Kepala Bidang Penegakan Hukum Badan Pengelola Lingkungan Hidup Daerah (BPLHD) Pemprov DKI Jakarta, Ridwan Panjaitan, mengatakan penanganan permasalahan lingkungan hidup di sepanjang Jalan Raya Bogor harus melibatkan tiga pemda tersebut. Pemprov DKI Jakarta , kata dia Kamis (4/11) di Jakarta, telah menegaskan pembatasan penggunaan air tanah oleh industri dengan Peraturan Daerah No 10 Tahun 1998 tentang Penyelenggaraan dan Pajak Pemanfaatan Air Bawah Tanah dan Air Permukaan.
"Sejauh ini, koordinasi dengan BPLHD Depok dan Bogor belum optimal. Jika penanganan hanya dilakukan Jakarta akan percuma bila tidak dilakukan hal yang sama di Depok dan Bogor," paparnya.
“Kami sudah secara tegas mengatur penggunaan air tanah dalam perda. Kami juga mengharapkan hal yang sama dilakukan pada pemerintah di Depok dan Bogor,” ungkap Ridwan di sela-sela acara sosialisasi pemanfaatan air tanah dan penindakan/penertiban terhadap pelanggaran pemanfaatan air tanah di kawasan Jalan Raya Bogor, di PT National Panasonic Gobel, Jakarta.
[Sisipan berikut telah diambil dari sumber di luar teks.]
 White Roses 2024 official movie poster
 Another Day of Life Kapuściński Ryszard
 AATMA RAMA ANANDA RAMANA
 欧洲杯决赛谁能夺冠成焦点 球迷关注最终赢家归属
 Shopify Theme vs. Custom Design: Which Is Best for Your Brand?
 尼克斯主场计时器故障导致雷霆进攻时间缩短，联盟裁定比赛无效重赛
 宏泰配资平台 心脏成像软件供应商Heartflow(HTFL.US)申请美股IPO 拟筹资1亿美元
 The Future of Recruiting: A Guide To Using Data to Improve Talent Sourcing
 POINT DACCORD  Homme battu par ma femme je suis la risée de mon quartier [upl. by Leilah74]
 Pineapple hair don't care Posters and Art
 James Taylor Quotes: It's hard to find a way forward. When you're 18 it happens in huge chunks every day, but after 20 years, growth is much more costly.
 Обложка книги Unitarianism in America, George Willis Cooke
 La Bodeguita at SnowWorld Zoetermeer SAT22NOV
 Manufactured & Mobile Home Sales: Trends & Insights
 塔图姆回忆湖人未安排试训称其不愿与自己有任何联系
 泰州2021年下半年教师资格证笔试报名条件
Ia menjelaskan sosialisasi tersebut sengaja dilakukan di PT National Panasonic Gobel karena terletak di perbatasan Jakarta-Depok. Wilayah perbatasan merupakan daerah imbuhan atau tangkapan air hujan.
Keberadaan daerah imbuhan, lanjutnya, sangat penting untuk menangkap dan menyerap air hujan menjadi air tanah yang dibutuhkan Jakarta. Berdasarkan penelitian yang pernah dilakukan, telah terjadi penurunan persediaan air tanah dari hulu ke hilir, dari 17 juta m3 menjadi 15 juta m3. Ia memperkirakan terjadinya penurunan muka air tanah itu karena penggunaan air tanah di daerah hulu dan perbatasan yang meningkat dan berlebihan.
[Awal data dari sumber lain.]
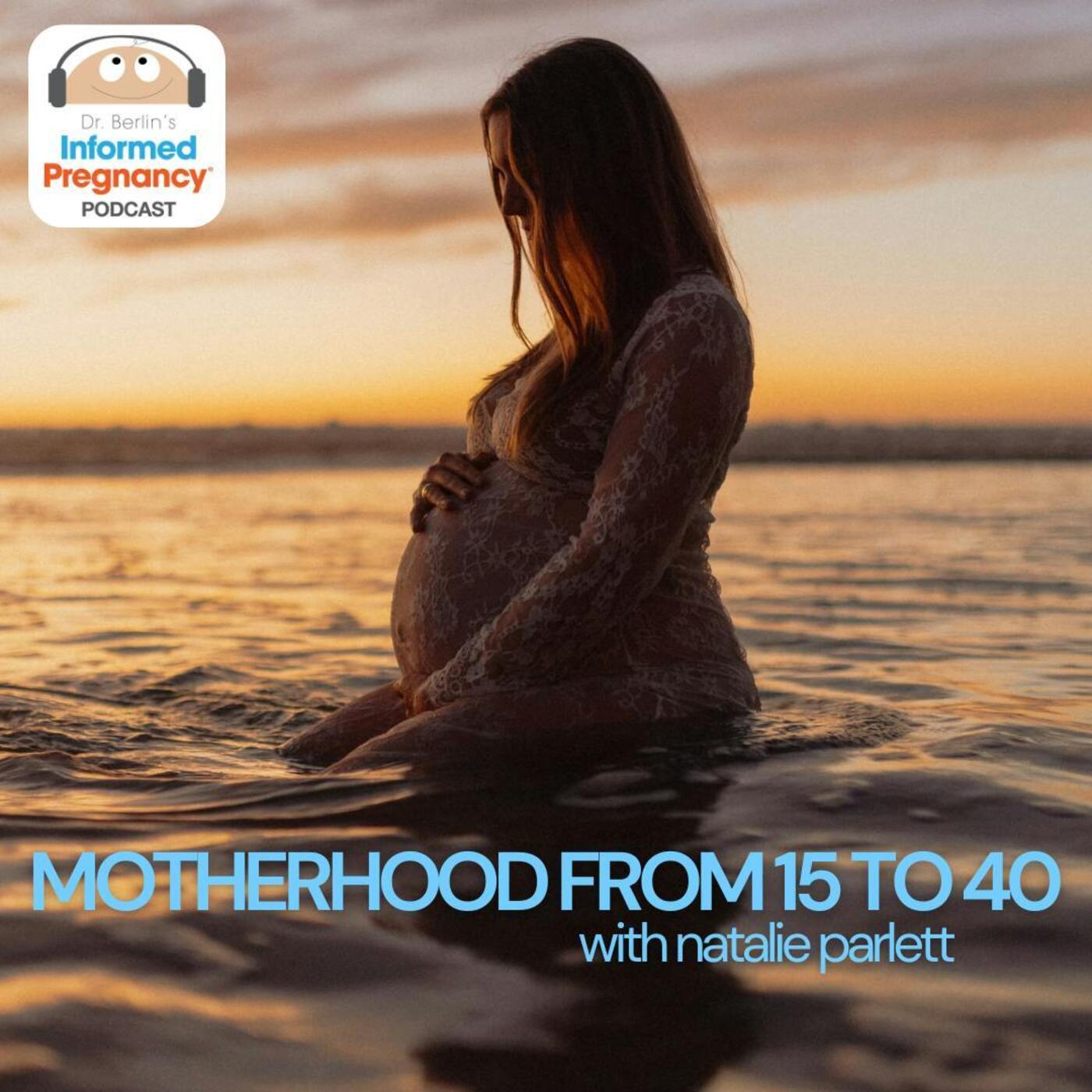Motherhood from 15 to 40 with Natalie Parlett episode artwork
Penurunan tekanan air tanah tersebut, tentunya akan berpengaruh terhadap penurunan muka air tanah yang selama ini terjadi di Jakarta. Kondisi tersebut semakin diperparah dengan banyaknya industri di sepanjang jalan tersebut yang memanfaatkan air tanah sebagai kebutuhan utama dan bukan kebutuhan cadangan.
Berdasarkan data yang dimiliki BPLHD DKI Jakarta, dari 400 industri di sepanjang Jalan Raya Bogor hanya 129 industri yang menggunakan jasa air pipa. Sedangkan sisanya menggunakan air tanah untuk memenuhi kebutuhan utamanya. Hal ini membuat kondisi tanah di kawasan di sepanjang Jalan Raya Bogor dalam kondisi kritis.